Data extracts: Begin

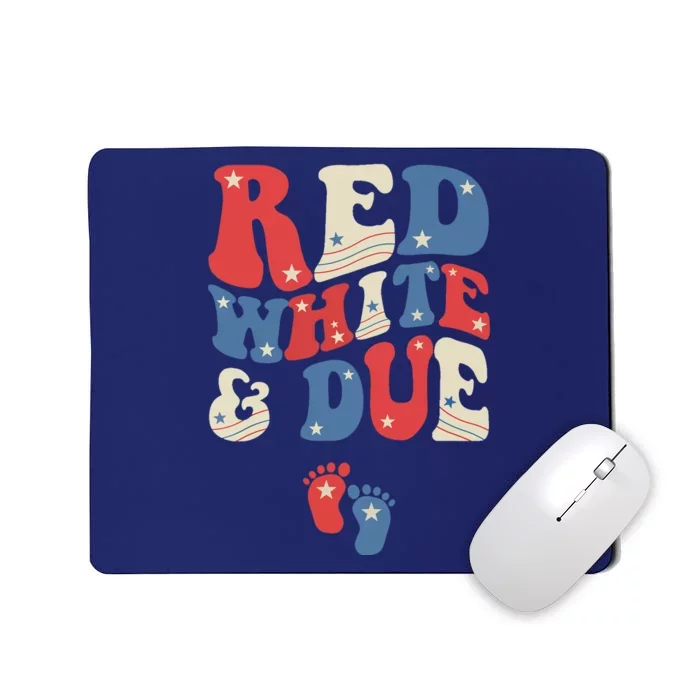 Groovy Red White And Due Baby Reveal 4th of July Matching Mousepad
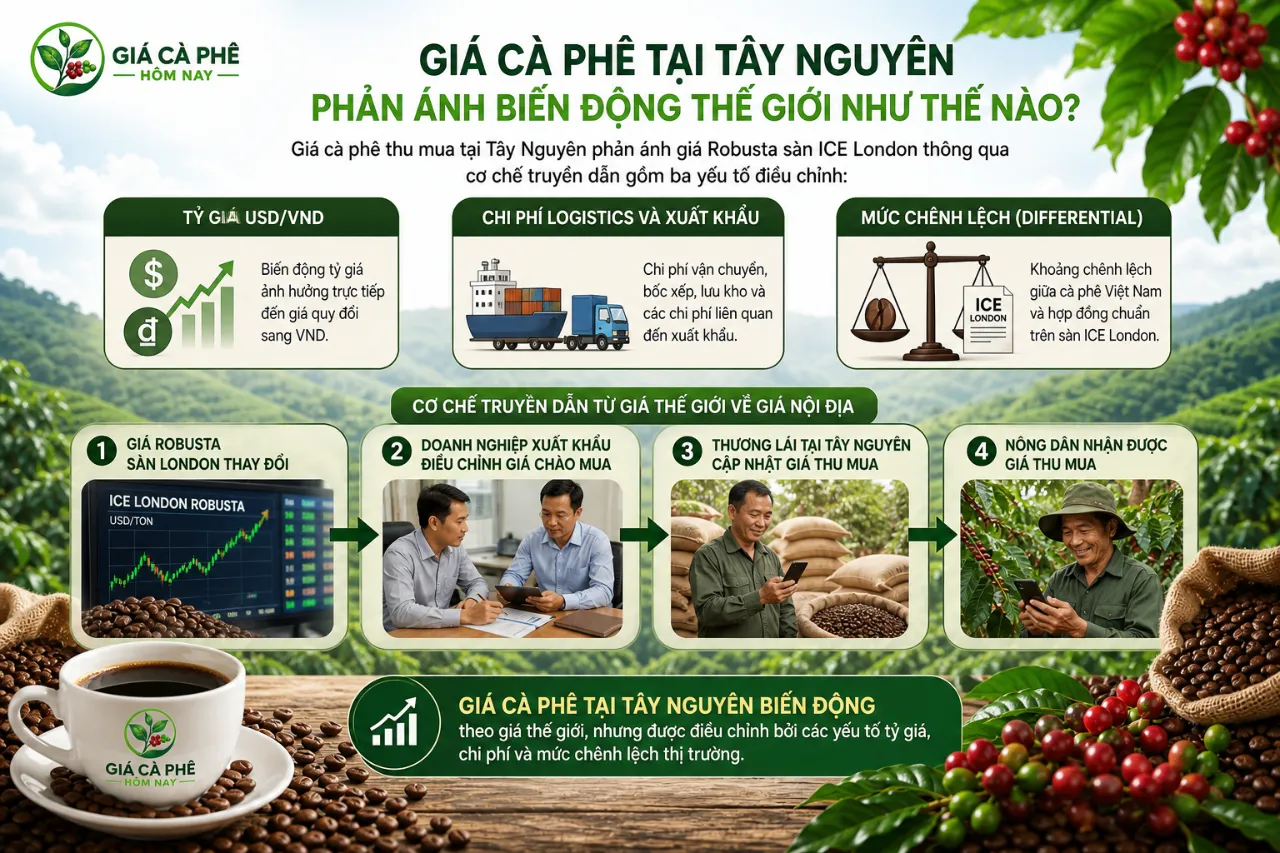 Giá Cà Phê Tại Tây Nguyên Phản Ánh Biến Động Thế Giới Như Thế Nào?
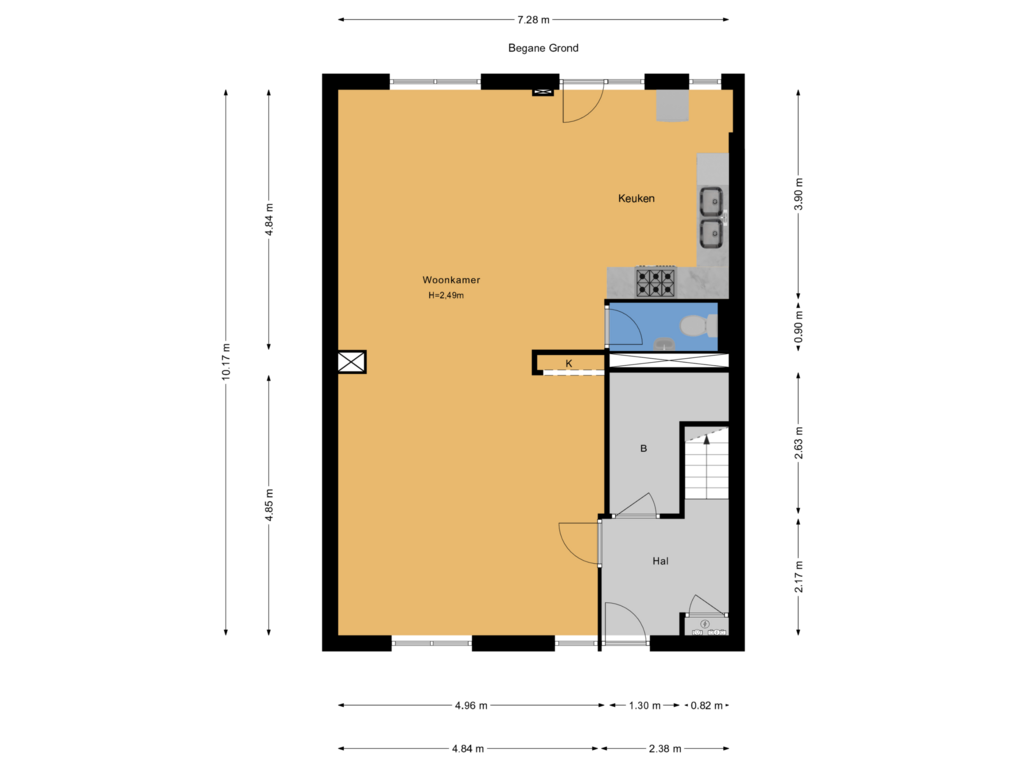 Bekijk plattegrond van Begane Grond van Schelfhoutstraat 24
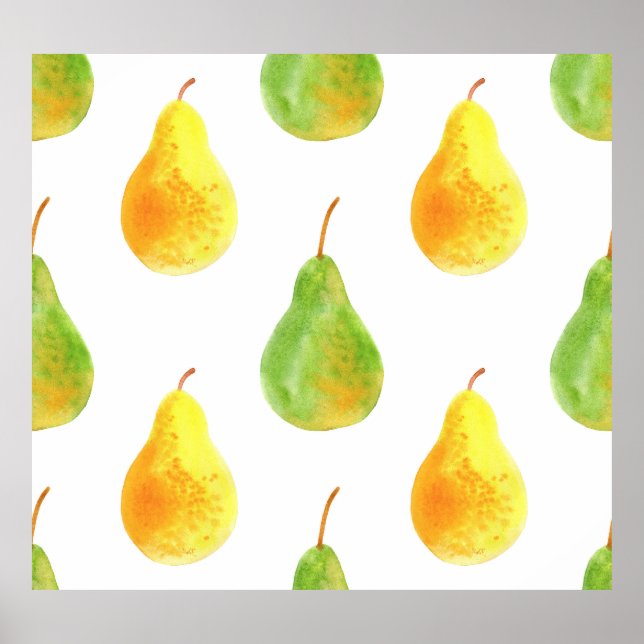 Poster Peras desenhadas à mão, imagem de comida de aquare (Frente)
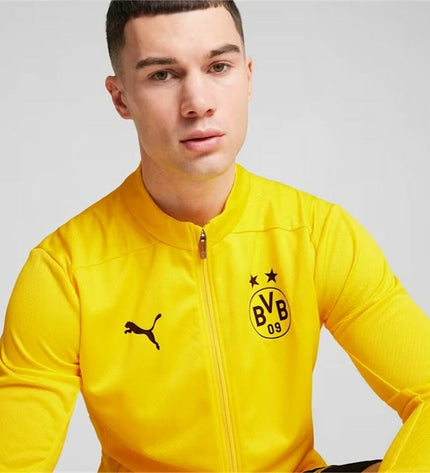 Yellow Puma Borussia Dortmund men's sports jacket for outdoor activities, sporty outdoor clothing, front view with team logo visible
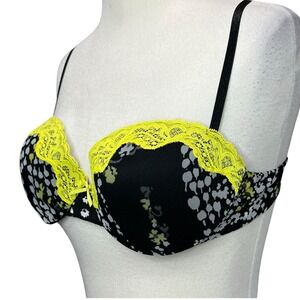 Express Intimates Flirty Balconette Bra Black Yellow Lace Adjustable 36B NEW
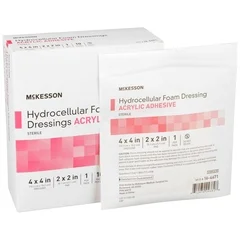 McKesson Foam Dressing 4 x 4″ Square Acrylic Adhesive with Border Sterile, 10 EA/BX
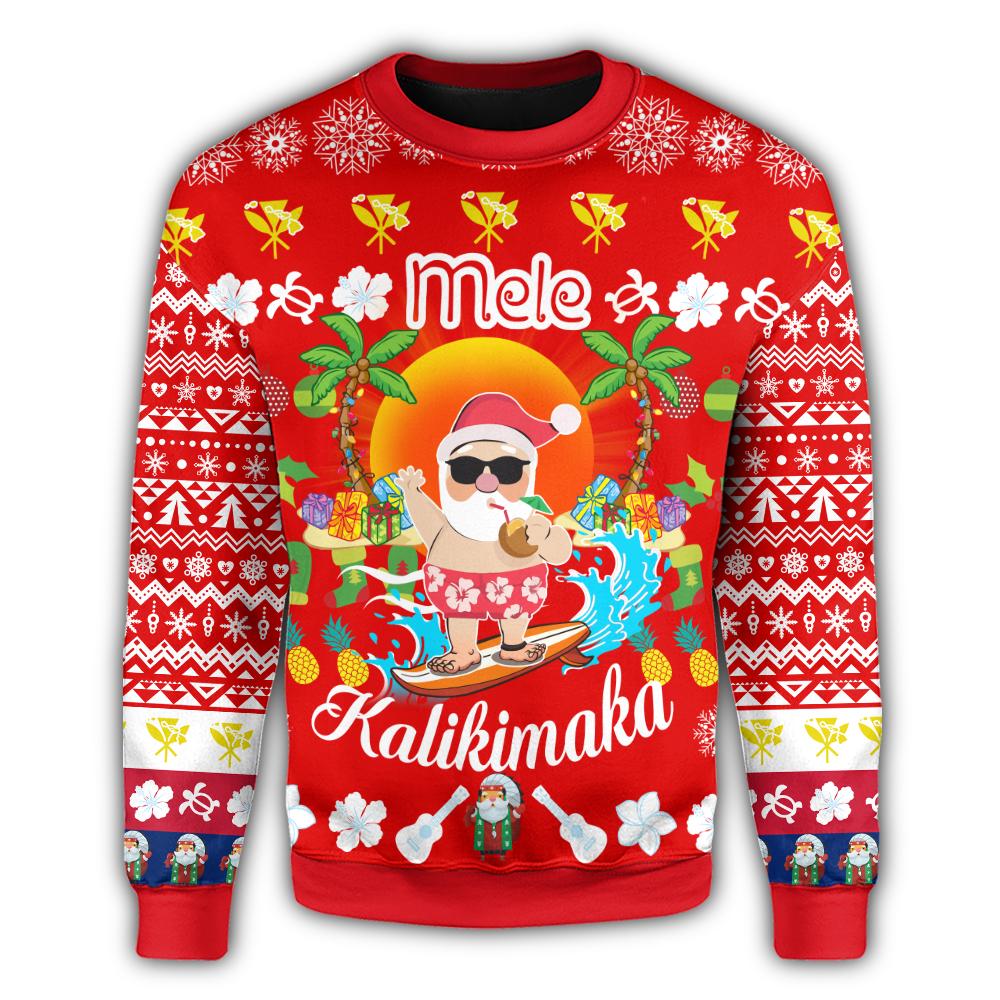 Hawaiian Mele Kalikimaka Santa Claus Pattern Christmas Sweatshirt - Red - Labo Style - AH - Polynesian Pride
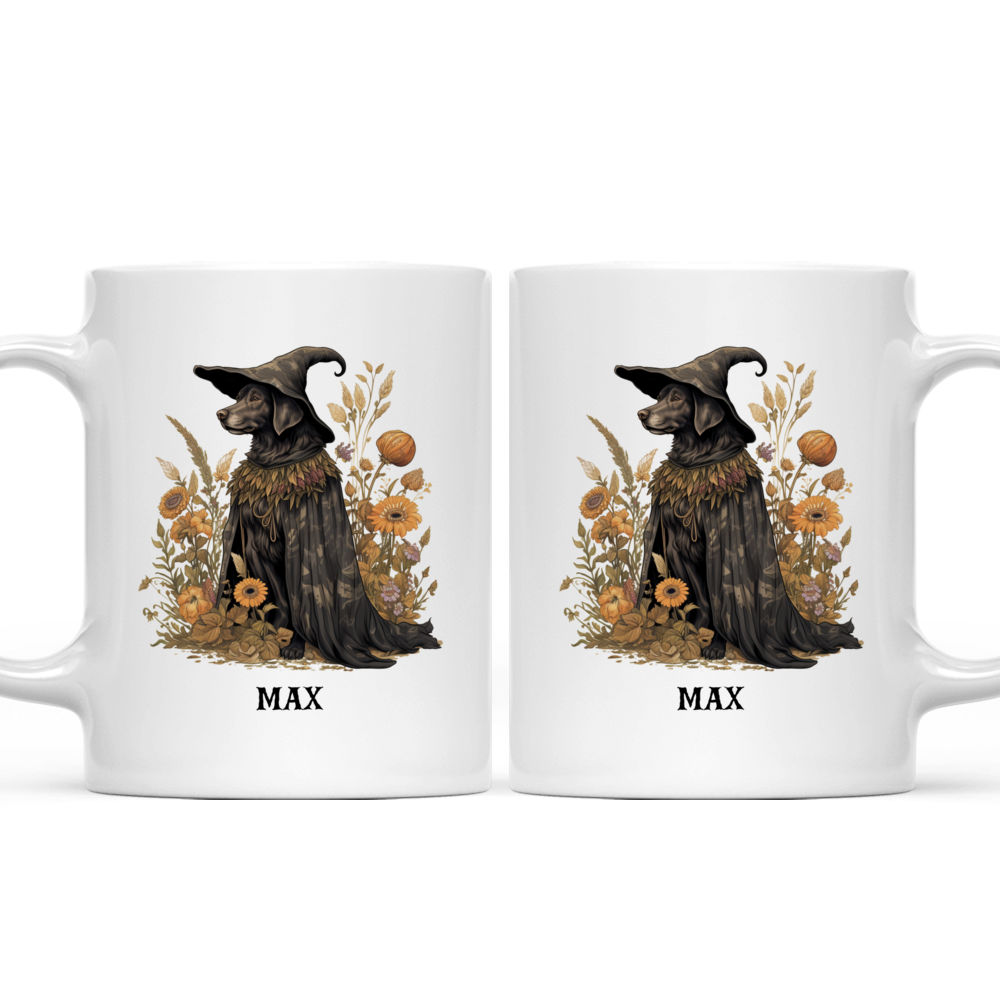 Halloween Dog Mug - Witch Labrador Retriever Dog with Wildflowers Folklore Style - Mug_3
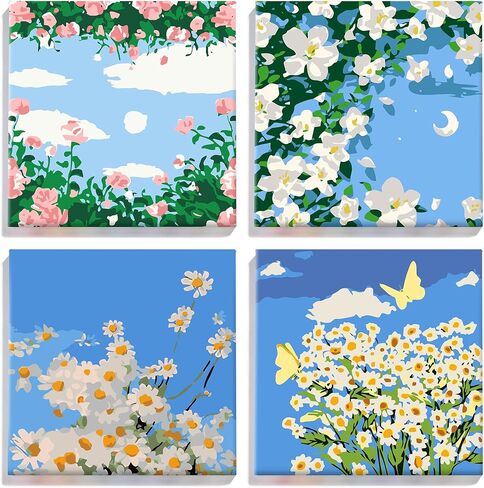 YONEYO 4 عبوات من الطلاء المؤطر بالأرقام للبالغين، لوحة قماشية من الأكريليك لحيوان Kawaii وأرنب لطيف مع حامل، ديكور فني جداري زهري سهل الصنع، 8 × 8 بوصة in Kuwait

Data extracts: End

■ Task objective ■
Pictures must be left out of the answer, which should be exactly the lines from the one holding "Halloween Dog Mug" through the last line of the entries above, both included; please add nothing.

■ Task response ■
 Halloween Dog Mug - Witch Labrador Retriever Dog with Wildflowers Folklore Style - Mug_3
 YONEYO 4 عبوات من الطلاء المؤطر بالأرقام للبالغين، لوحة قماشية من الأكريليك لحيوان Kawaii وأرنب لطيف مع حامل، ديكور فني جداري زهري سهل الصنع، 8 × 8 بوصة in Kuwait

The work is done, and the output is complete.